29. Y sucedió que, mientras oraba, el aspecto de su rostro se mudó, y sus vestidos eran de una blancura fulgurante,
30. y he aquí que conversaban con él dos hombres, que eran Moisés y Elías;
31. los cuales aparecían en gloria, y hablaban de su partida, que iba a cumplir en Jerusalén.
32. Pedro y sus compañeros estaban cargados de sueño, pero permanecían despiertos, y vieron su gloria y a los dos hombres que estaban con él.
33. Y sucedió que, al separarse ellos de él, dijo Pedro a Jesús: «Maestro, bueno es estarnos aquí. Vamos a hacer tres tiendas, una para ti, otra para Moisés y otra para Elías», sin saber lo que decía.
34. Estaba diciendo estas cosas cuando se formó una nube y los cubrió con su sombra; y al entrar en la nube, se llenaron de temor.
35. Y vino una voz desde la nube, que decía: « Este es mi Hijo, mi Elegido; escúchenle.»

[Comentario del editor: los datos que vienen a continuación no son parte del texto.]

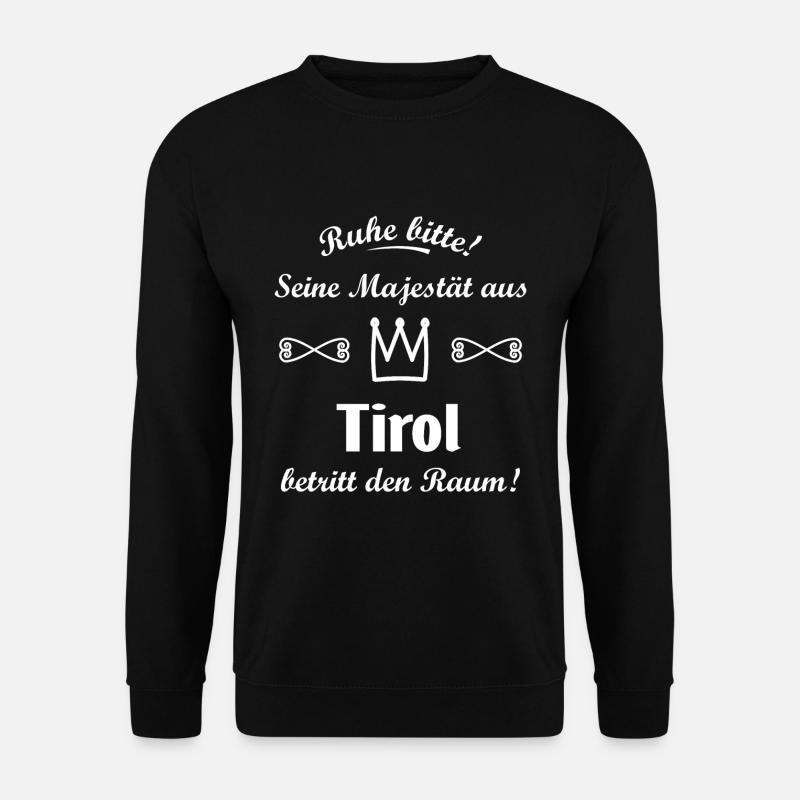 La Majesté du Tyrol - Sweat-shirt Unisexe - noir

36. Y cuando la voz hubo sonado, se encontró Jesús solo. Ellos callaron y, por aquellos días, no dijeron a nadie nada de lo que habían visto.
Reflexión: Lc 9,28b-36
Estamos frente a un episodio único en el Nuevo Testamento. Que recordemos solo hay otro en el que se oye la voz del Padre y es en el Jordán, cuando Jesús es bautizado. Aquí, a ojos de tres discípulos elegidos, que tiene el privilegio de asistir a este encuentro, por unos momentos Cielo y Tierra se unen, en una convergencia nunca antes vista, dejando deslumbrados a los discípulos invitados a atestiguar semejante encuentro. No hay palabras para describirlo. Tan es así que los testigos no dijeron nada a nadie de lo que habían visto. Pongámonos en sus zapatos. ¿Qué diríamos? No hay forma de describirlo. Las palabras se quedan cortas; no alcanzan. Pecando de audaces nos atrevemos a aventurar, sin ánimo de explicarlo, ni abarcar este evento, que asistimos a una apertura en el tiempo y el espacio, en el que Jesús se encuentra con dos personajes distantes varios siglos entre sí y con Él, que desafían toda lógica y realidad conocida. Es algo indescriptible y si el encuentro tiene estos ribetes, imaginemos las vestimentas y todo a su alrededor. Los discípulos no podían dormir, a pesar del sueño que los invadía y es que estaban viendo a Jesús en Su Gloria. Al menos es lo que ellos alcanzaron a comunicar, pero es tal el asombro y el ambiente que los envuelve, tal la sensación de bienestar, que quieren armar unas carpas para quedarse allí. Era un lugar que invitaba a la contemplación: sin tiempo, sin espacio, sin apuro, sin preocupación ni ansiedad alguna. Pocas veces habremos sentido algo semejante, sin embargo hemos tenido encuentros con Dios en nuestras vidas que permiten aproximarnos a aquella sensación, por eso podemos atrevernos a imaginar. Pero nunca hemos escuchado el estruendo de esa voz de Dios, que habla con cariño y al mismo tiempo con autoridad y un inconfundible acento en la Verdad, como solamente Él puede hacerlo, brotando de todo lado, incluso de nuestro interior. La voz de Dios lo penetra todo y hace prácticamente imposible desprendernos de Su vibración que pone en actividad cada una de nuestras células, ordenándolas y poniéndolas en acción al unísono en una misma dirección y con el mismo propósito. Es el mismo Dios que nos habla y nos dice lo que debemos hacer. Y vino una voz desde la nube, que decía: « Este es mi Hijo, mi Elegido; escúchenle.»